505 pages were found


### Extracting data of interest from each page, appending to lists in a dictionary, creating a Pandas dataframe and then saving as a CSV file

In [3]:
# iterating through each page by adding page number to end of search URL each time
l = []
for page in range(1, 2):  # for the sake of this example, only one page is used to speed up the operation
    r = requests.get(search_url + '&pn=' + str(page))
    c = r.content
    soup = BeautifulSoup(c,"html.parser")
    all = soup.find_all(lambda tag: tag.name == 'div' and 
                                   tag.get('class') == ['cassetteitem'])    # "cassetteitem" is the class for each house

    # for each house discovered, let's collect information on title, locality, number of room, floor area and price
    # and put the information into a dictionary
    for item in all:
        d = {}
        d["Title"] = item.find("div",{"class","cassetteitem_content-title"}).text
        d["Locality"] = item.find("li",{"class","cassetteitem_detail-col1"}).text
        d["Price"] = item.find("span",{"class","cassetteitem_other-emphasis ui-text--bold"}).text.replace("\n","").replace(" ","")

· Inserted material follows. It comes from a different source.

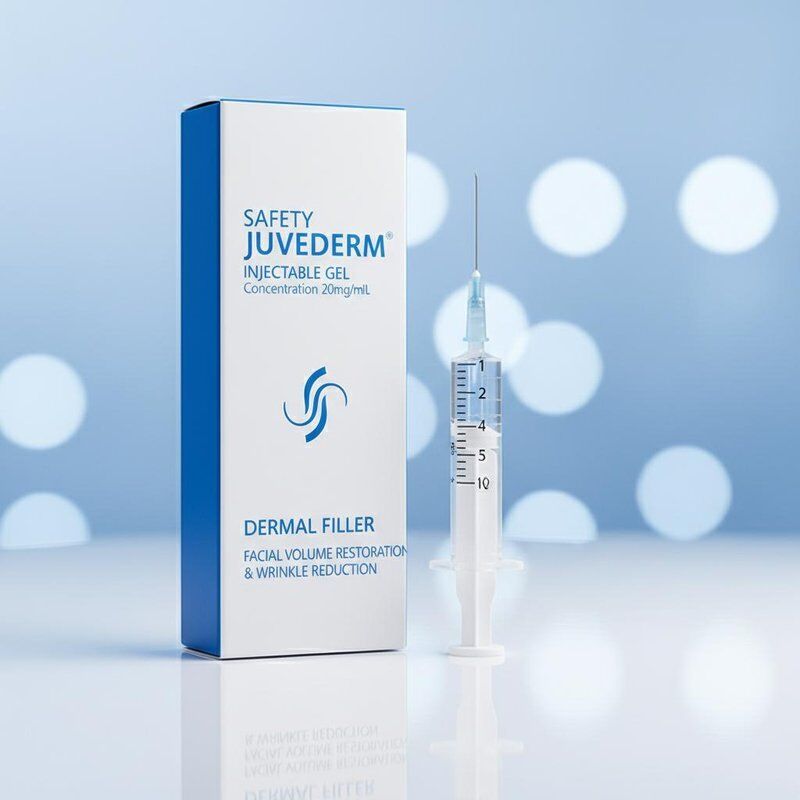 Sécurité Juvederm Gel injectable de concentration 20 mg Ml Remplisseur cutané injectable pour le rétablissement du volume du visage et la réduction des rides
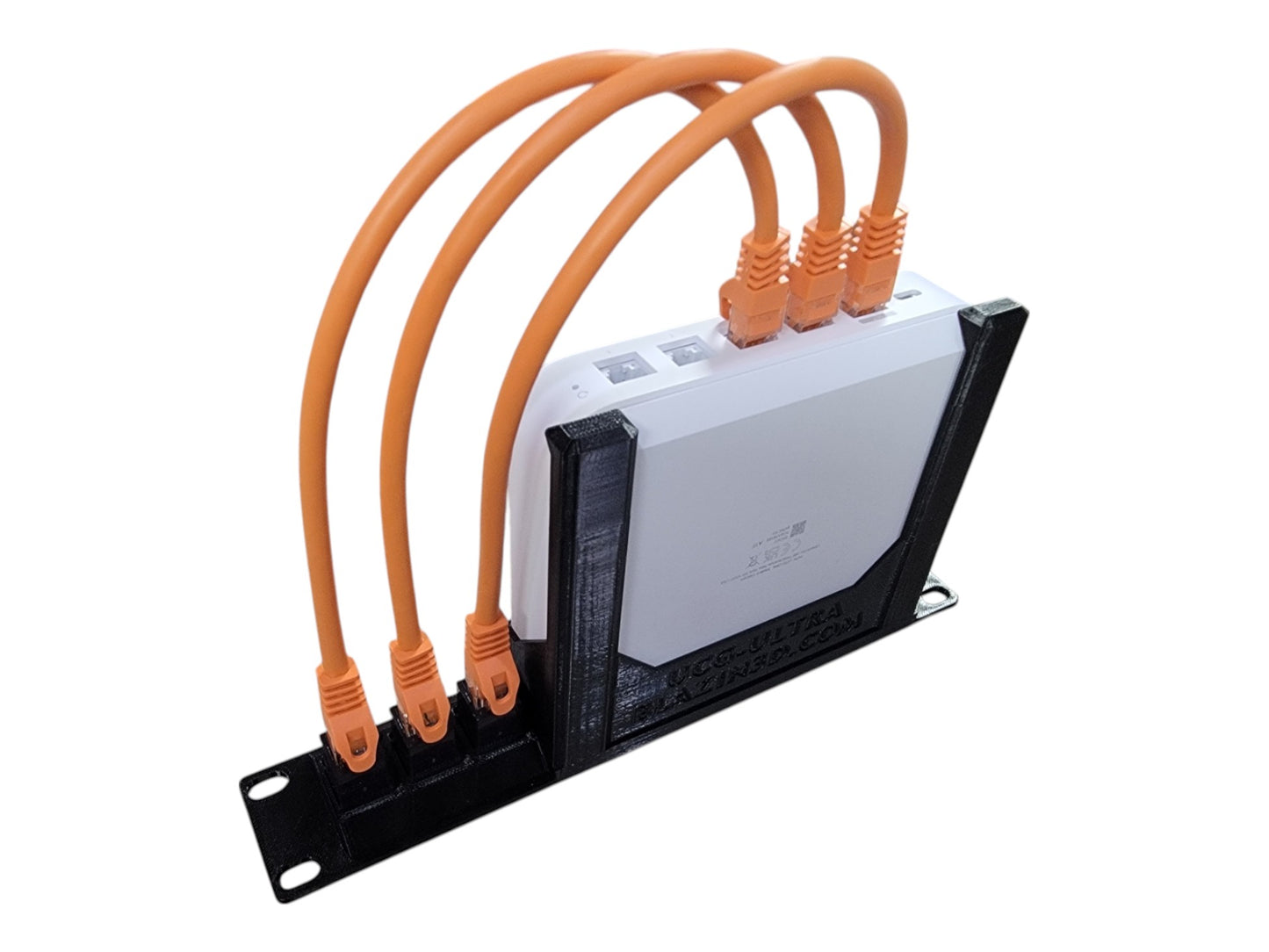 10-inch Network Rack Mount for Cloud Gateway Ultra UCG-Ultra and UXG-Max, Front Access Ports, Cables & Keystones Included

        # finding number of rooms is more complicated in this situation, because categories need to be decoded
        rooms = item.find("table",{"class","cassetteitem_other"}).text
        if 'ワンルーム' in rooms:
            d["Rooms"] = 1
        elif '1K' in rooms:
            d["Rooms"] = 1
        elif '2K' in rooms:
            d["Rooms"] = 2
        else:
            d["Rooms"] = "Unknown"
        
        # need to dig inside tables to find the relevant number
        table = item.find_all("table",{"class","cassetteitem_other"})[0]
        nums = re.findall(r'\d+(?:\.\d+)?', str(table))
        d["Size"] = nums[-6]+" m2"
        
#         d["Link"] = item.find("td",{"class","ui-text--midium ui-text--bold"}).text
        
        l.append(d)

# finally we can create a dataframe with the columns ordered in the way we please and then save it as a CSV file
df = pandas.DataFrame(l)
df = df[['Title', 'Locality', 'Size', 'Rooms', 'Price']]
df.to_csv("Output.csv")

In [4]:
df.head()

Unnamed: 0,Title,Locality,Size,Rooms,Price
0,コンフォリア春日富坂,東京都文京区春日１,64.85 m2,1,9.1万円
1,恵比寿レジデンス弐番館,東京都渋谷区東２,42.65 m2,Unknown,18.4万円
2,ガーデン原宿,東京都渋谷区神宮前４,47.54 m2,1,16万円
3,エスレジデンス月島,東京都中央区月島３,44.67 m2,1,10.4万円
4,プラザ勝どき,東京都中央区勝どき１,99.34 m2,1,10.7万円


### We can even put the data into an SQL database by importing and calling the included "database" script

In [7]:
# goes back through all of the houses in the list of dictionaries and enters the respective information into database
database.create_table()
for d in l:
    database.insert(d["Title"],d["Locality"],d["Size"],d["Rooms"],d["Price"])